_Required action_
Starting at the line with "Nikon D500 sample" and ending at the line with "Dog Arthritis Symptoms And Treatment", print exactly the lines of the entries below. Pictures do not belong in the copy.
■ ■ ■ ■ ■ ■ ■
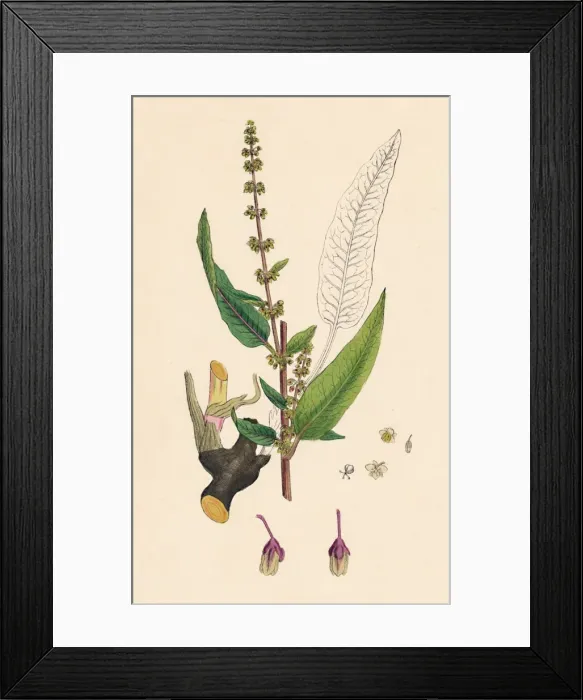 Framed Print : Rumex sanguinens. Bloody-veined Dock, 19th Century Framed Print : Rumex sanguinens. Bloody-veined Dock, 19th Century
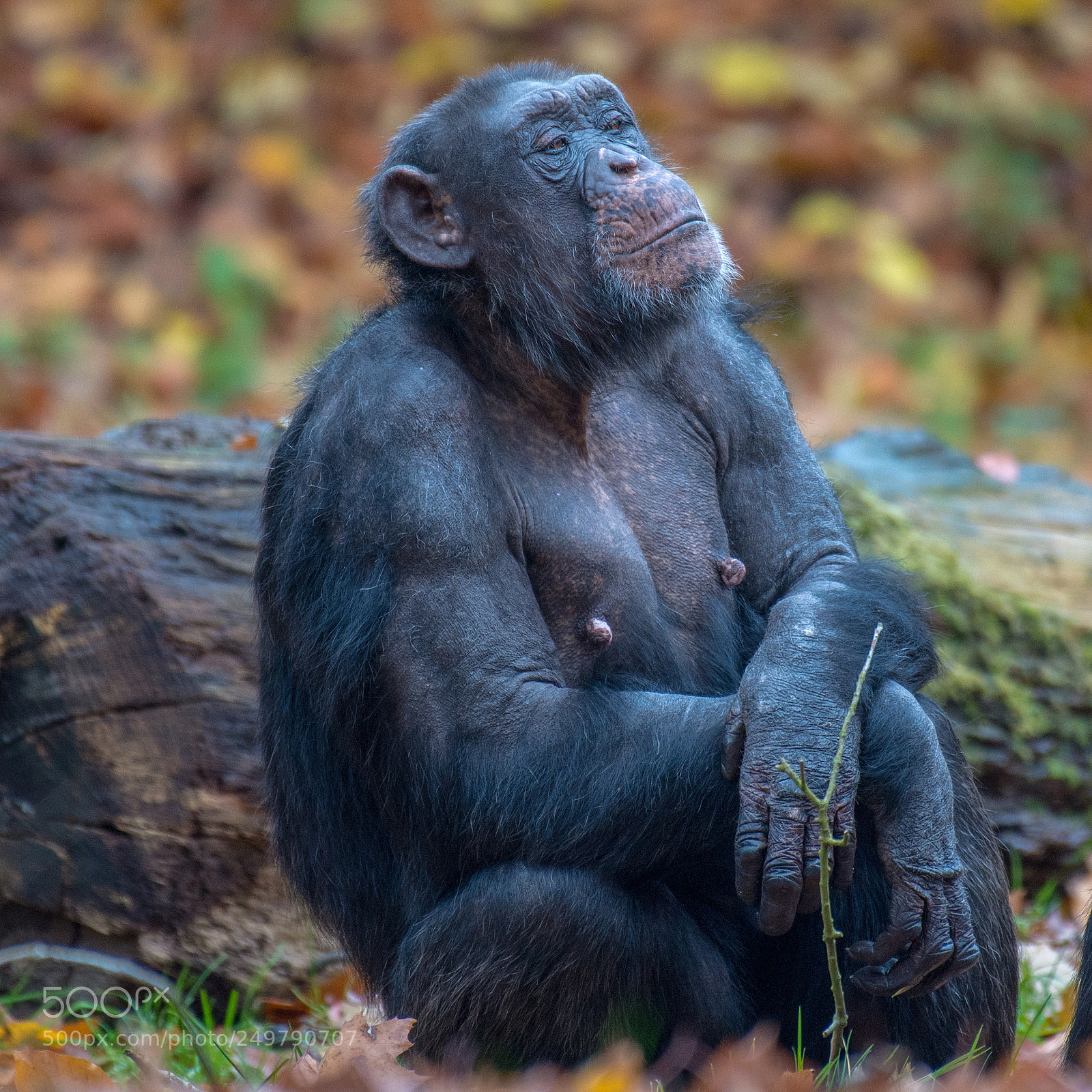 Nikon D500 sample photo. Old men monkey photography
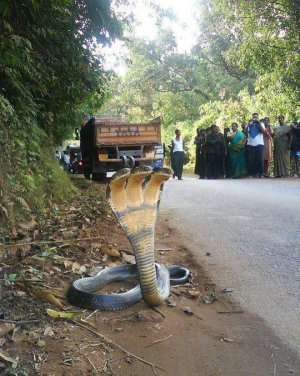 Cobra with 3 heads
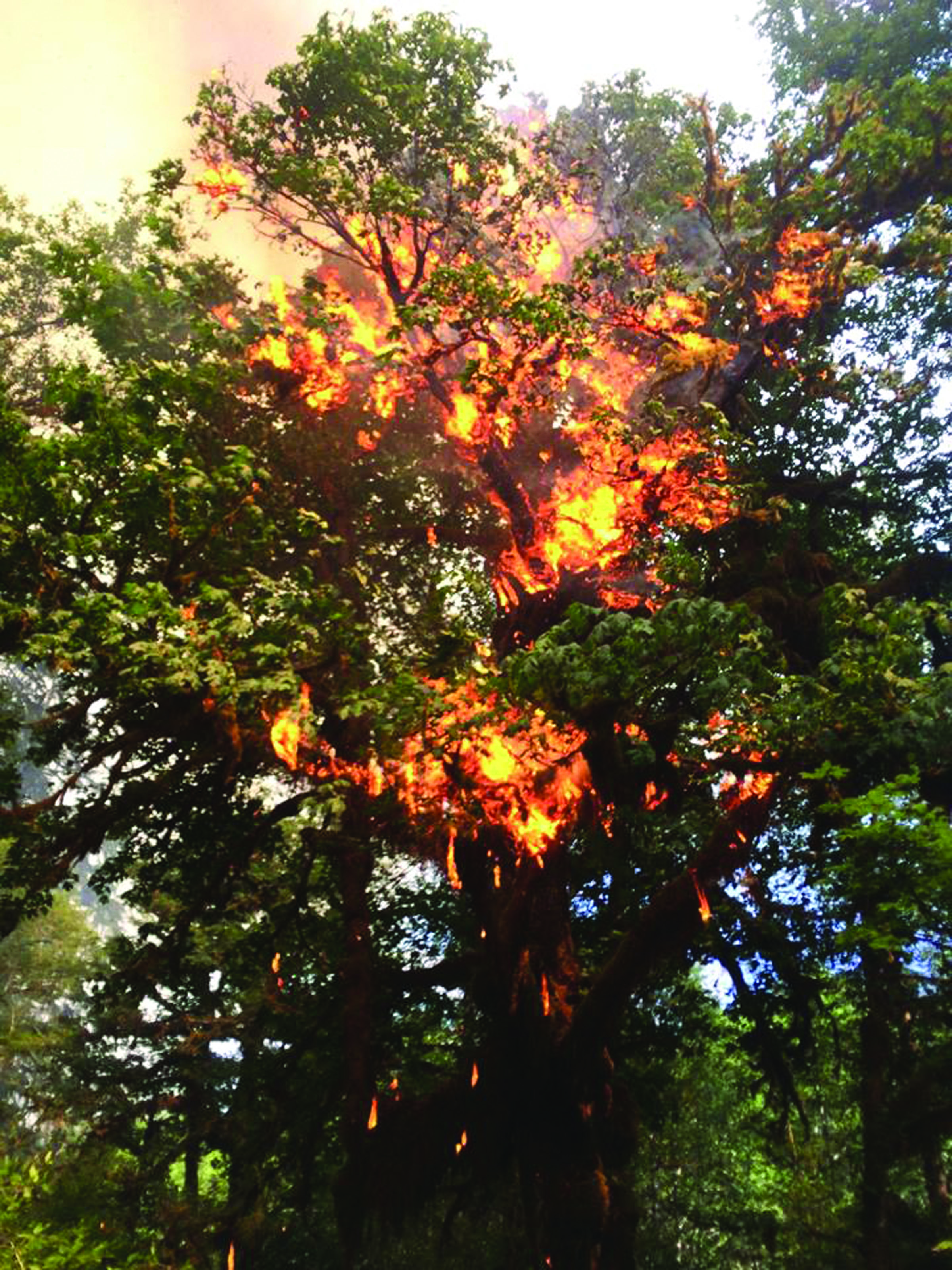 Flames burn through the top of a tree in the Paradise Fire in Olympic National Park. Authorities say intermittent rain and a smoke inversion layer helped suppress the fire.  U.S. Forest Service ()
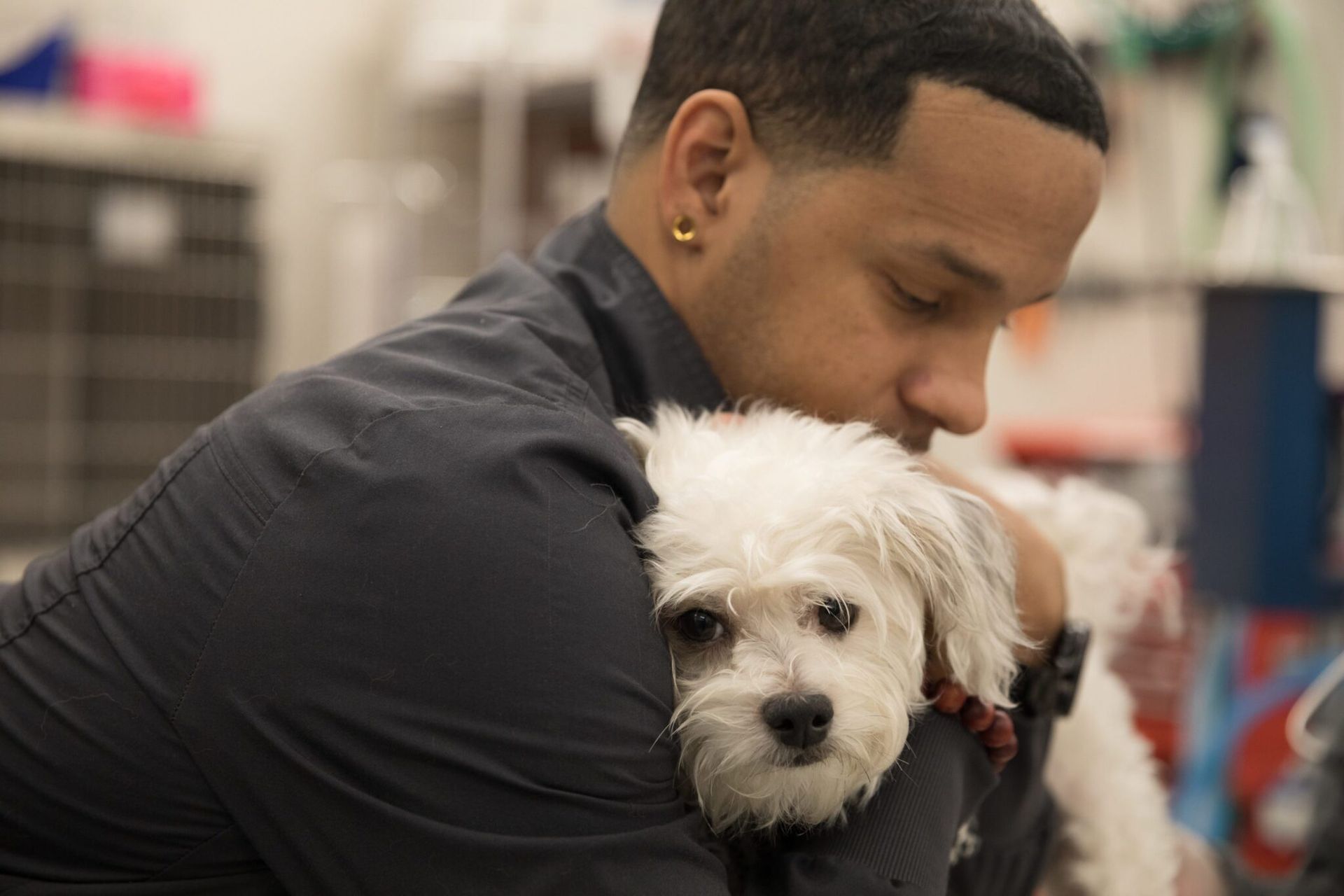 Dog Arthritis Symptoms And Treatment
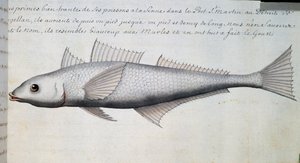 Unbekannter Fisch, Magellanstraße, Aquarell aus dem Logbuch von Jacques Gouin de Beauchesne, Kapitän der Compagnie royale de la Mer du Sud, von 1698 bis 1701 von French School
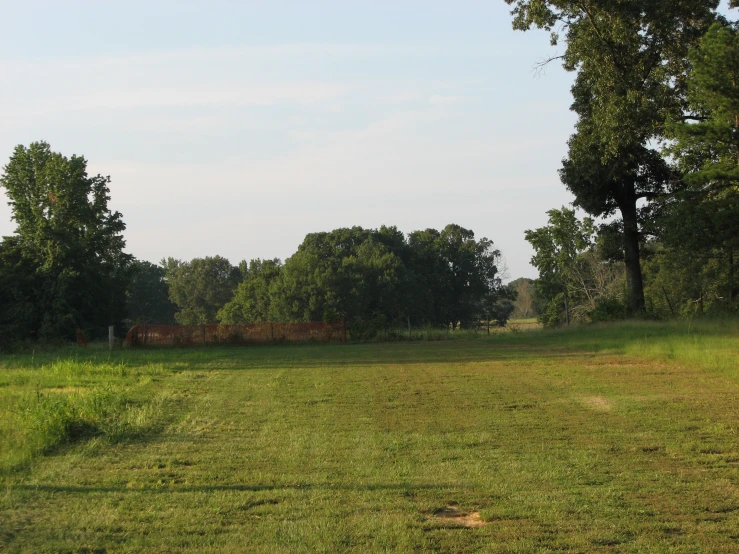 the large grassy field is empty and ready to be used as a fire hydrant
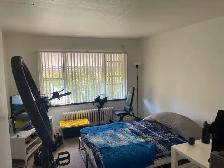 3367 LAKESHORE RD BLVD WEST BACHELOR APARTMENT FOR RENT - Photo 2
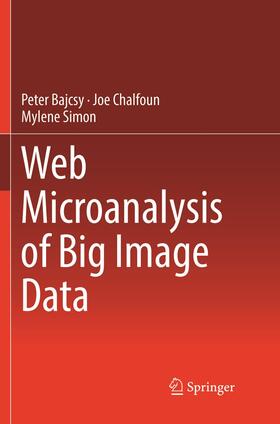 Web Microanalysis of Big Image Data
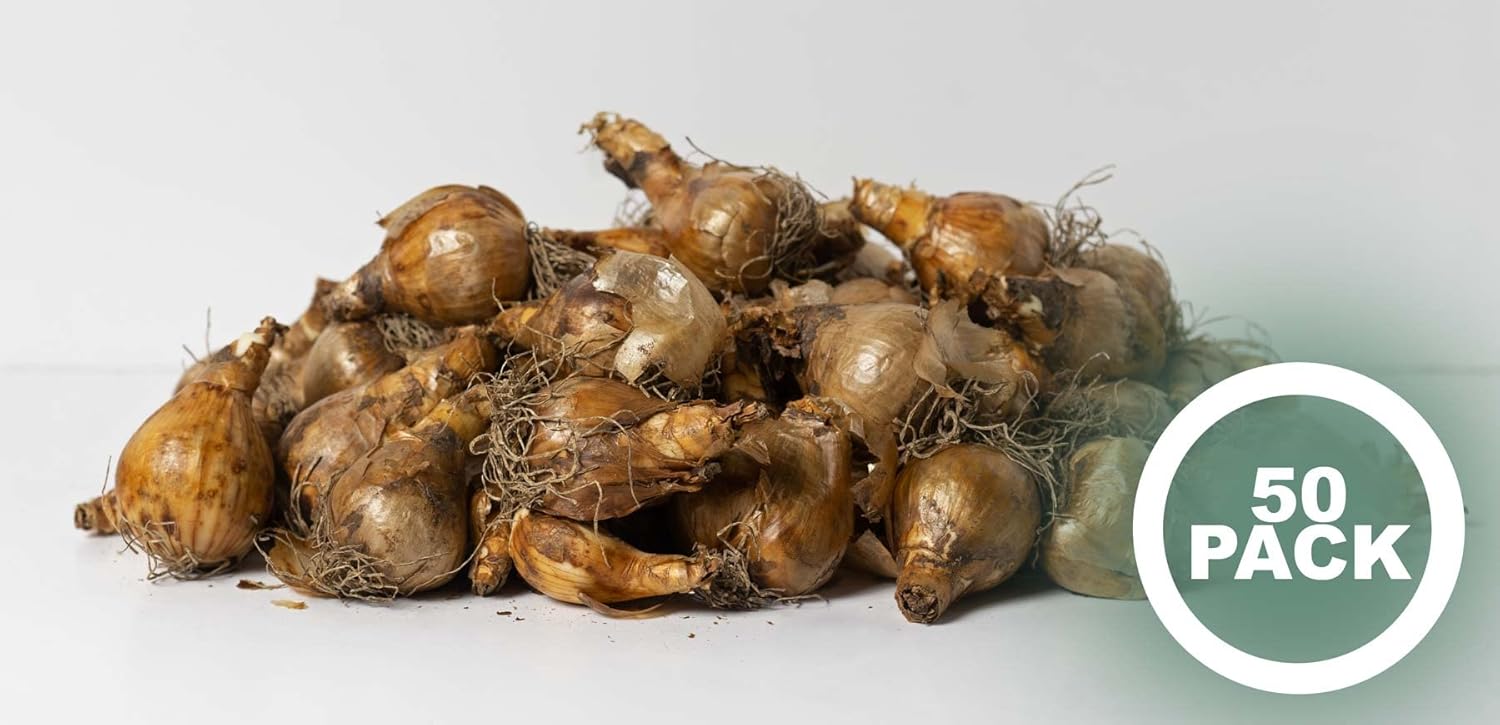 Garden Elements Daffodil Bulbs - 50 Bulb Bag : Patio, Lawn & Garden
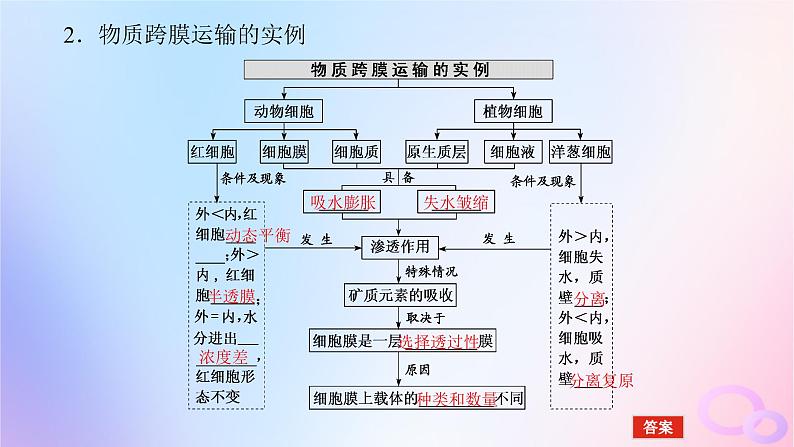 2024版新教材高考生物全程一轮总复习第二单元细胞的基本结构和物质运输功能课堂互动探究案3细胞的物质输入和输出课件06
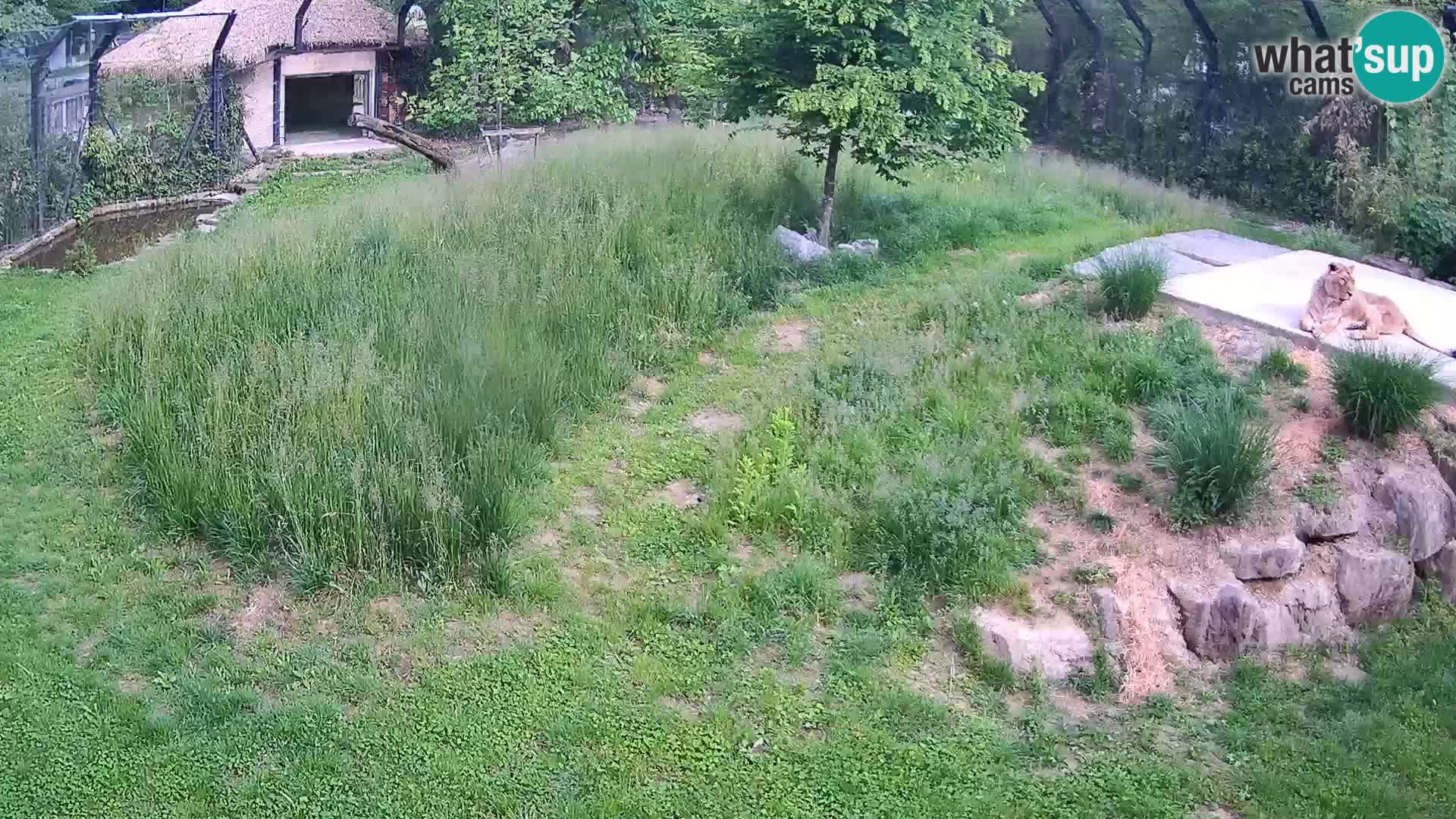Live Ljubljana Zoo webcam Lion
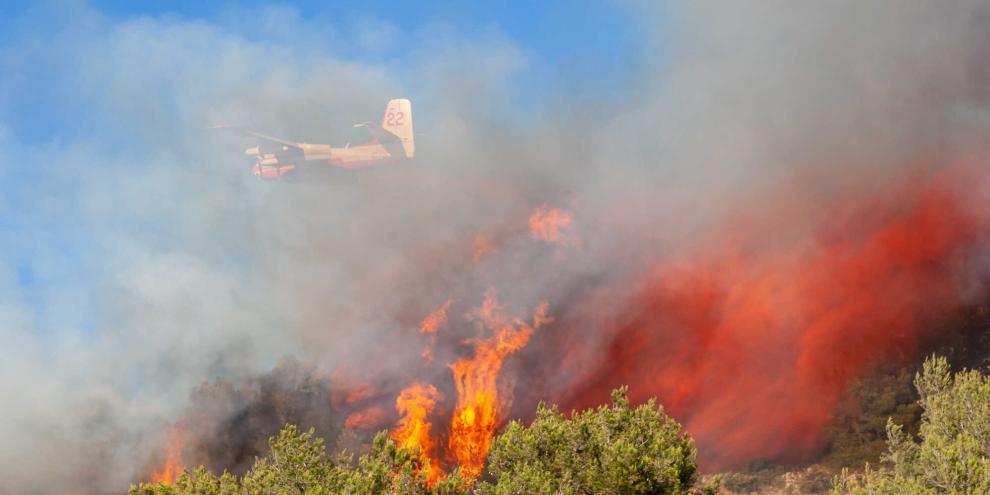 In Südeuropa wüten aktuell verheerende Waldbrände. Ermittlungen begründen in Italien einen grausamen Verdacht.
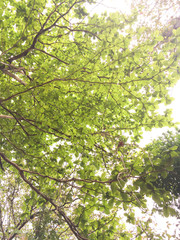 forest trees. nature green wood sunlight backgrounds. vintage fi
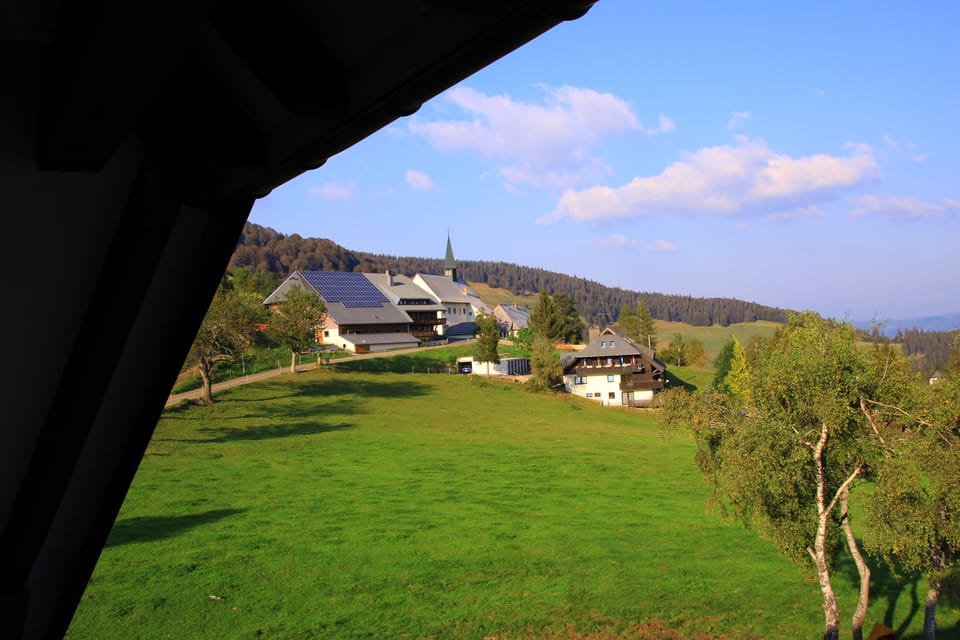 View from property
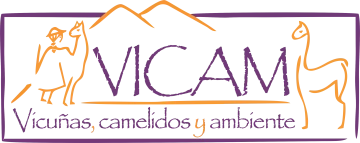Vicunas, camelidos y ambiente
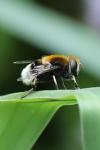 Eristalis intricaria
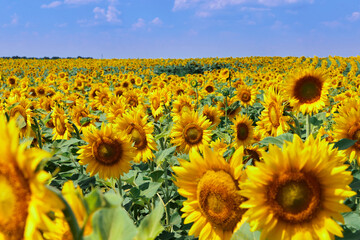 Obraz premium field of blooming sunflowers on a background of blue sky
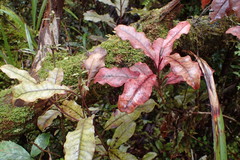 Quintinia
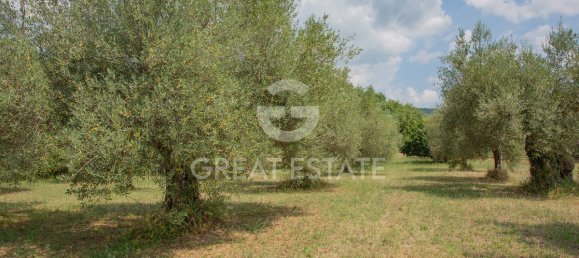 2 chambres Villa à Tuoro sul Trasimeno, Italy No. 288047 30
■ ■ ■ ■ ■ ■ ■
_Response_
 Nikon D500 sample photo. Old men monkey photography
 Cobra with 3 heads
 Flames burn through the top of a tree in the Paradise Fire in Olympic National Park. Authorities say intermittent rain and a smoke inversion layer helped suppress the fire.  U.S. Forest Service ()
 Dog Arthritis Symptoms And Treatment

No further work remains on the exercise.